▶ [YOUR OBJECTIVE]:
Transcribe the data as written, minus images.

▶ [SUPPLIED DATA]:
((
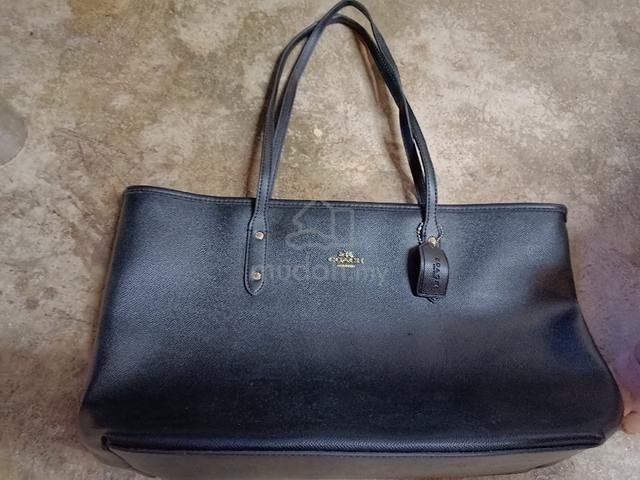 beg tangan coach - Bags & Wallets for sale in Tampoi, Johor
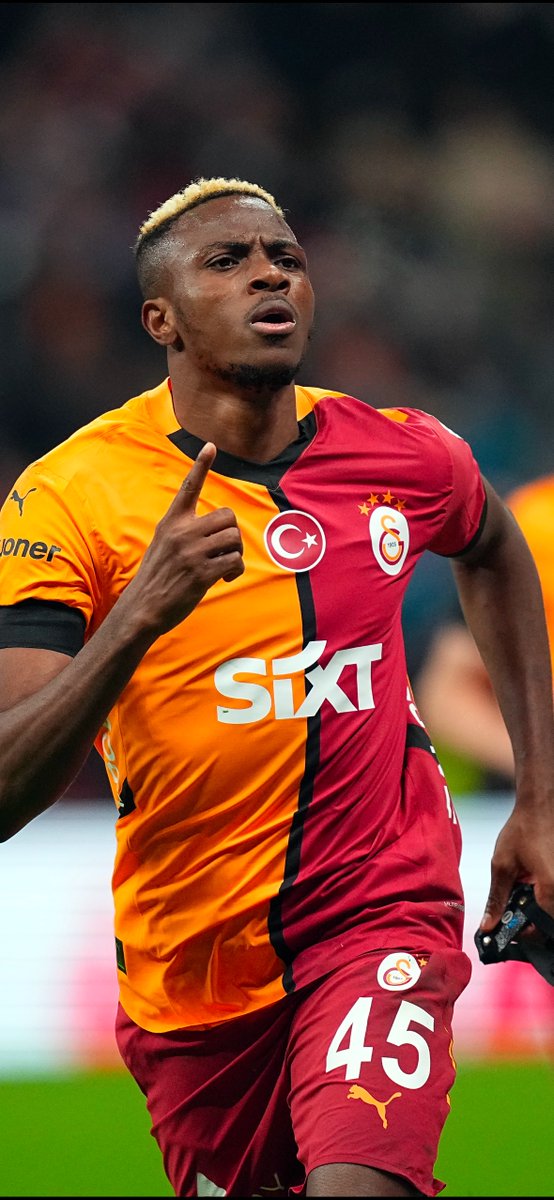 Müthiş koşusuyla önce penaltıyı aldı! 💪 Sonra golünü attı! ⚽️ 𝑽𝒊𝒄𝒕𝒐𝒓 𝑶𝒔𝒊𝒎𝒉𝒆𝒏 🔥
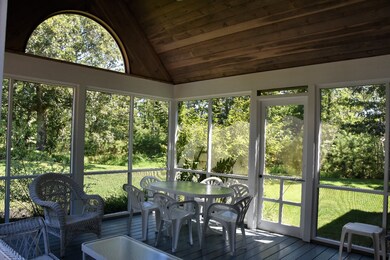 9 W Meadow Ln, Vineyard Haven, MA 02568 - photo 3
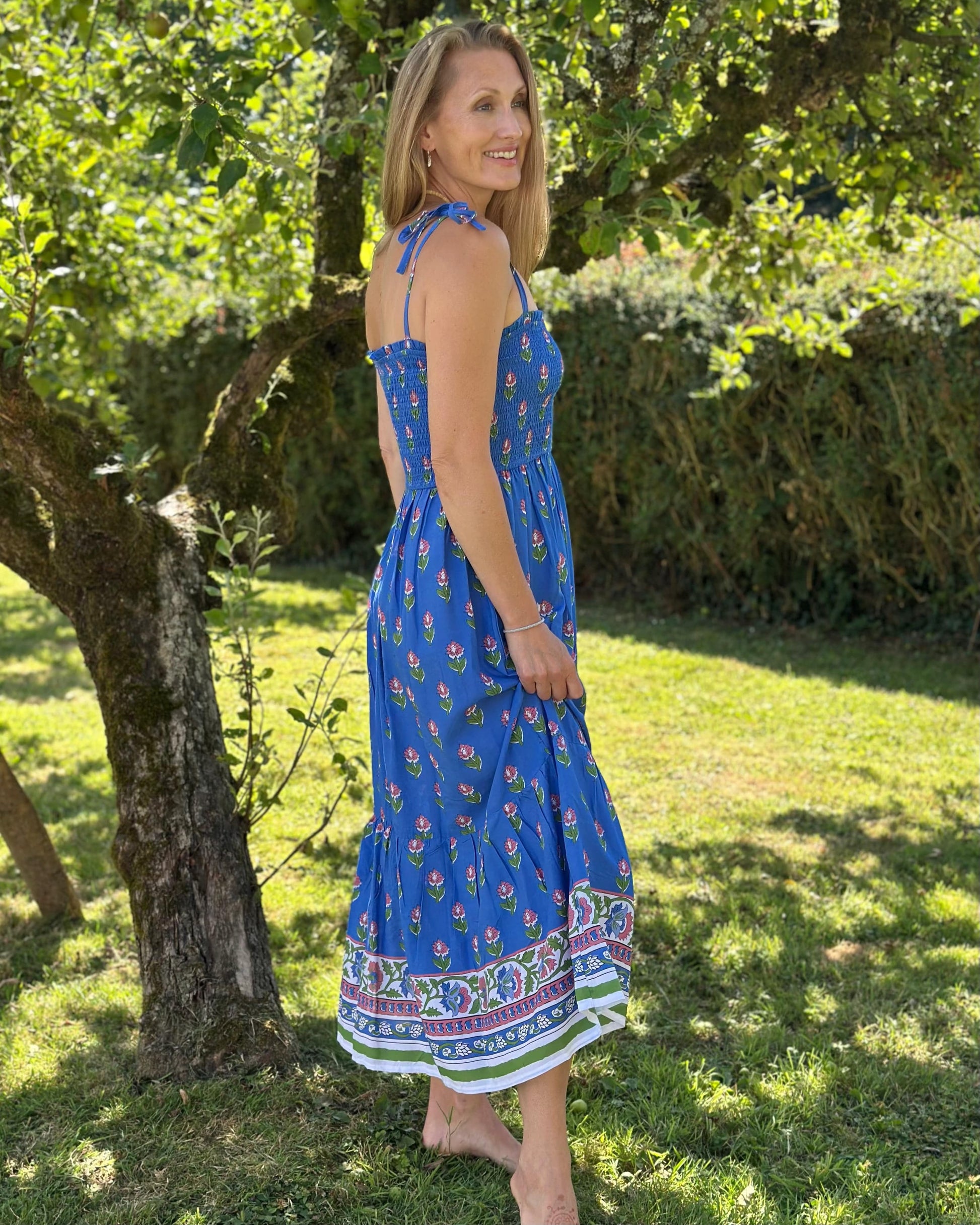 Clothing Strappy Flower Print Midi Dress - Blue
))
▶ [EXERCISE ANSWER]:
 beg tangan coach - Bags & Wallets for sale in Tampoi, Johor
 Müthiş koşusuyla önce penaltıyı aldı! 💪 Sonra golünü attı! ⚽️ 𝑽𝒊𝒄𝒕𝒐𝒓 𝑶𝒔𝒊𝒎𝒉𝒆𝒏 🔥
 9 W Meadow Ln, Vineyard Haven, MA 02568 - photo 3
 Clothing Strappy Flower Print Midi Dress - Blue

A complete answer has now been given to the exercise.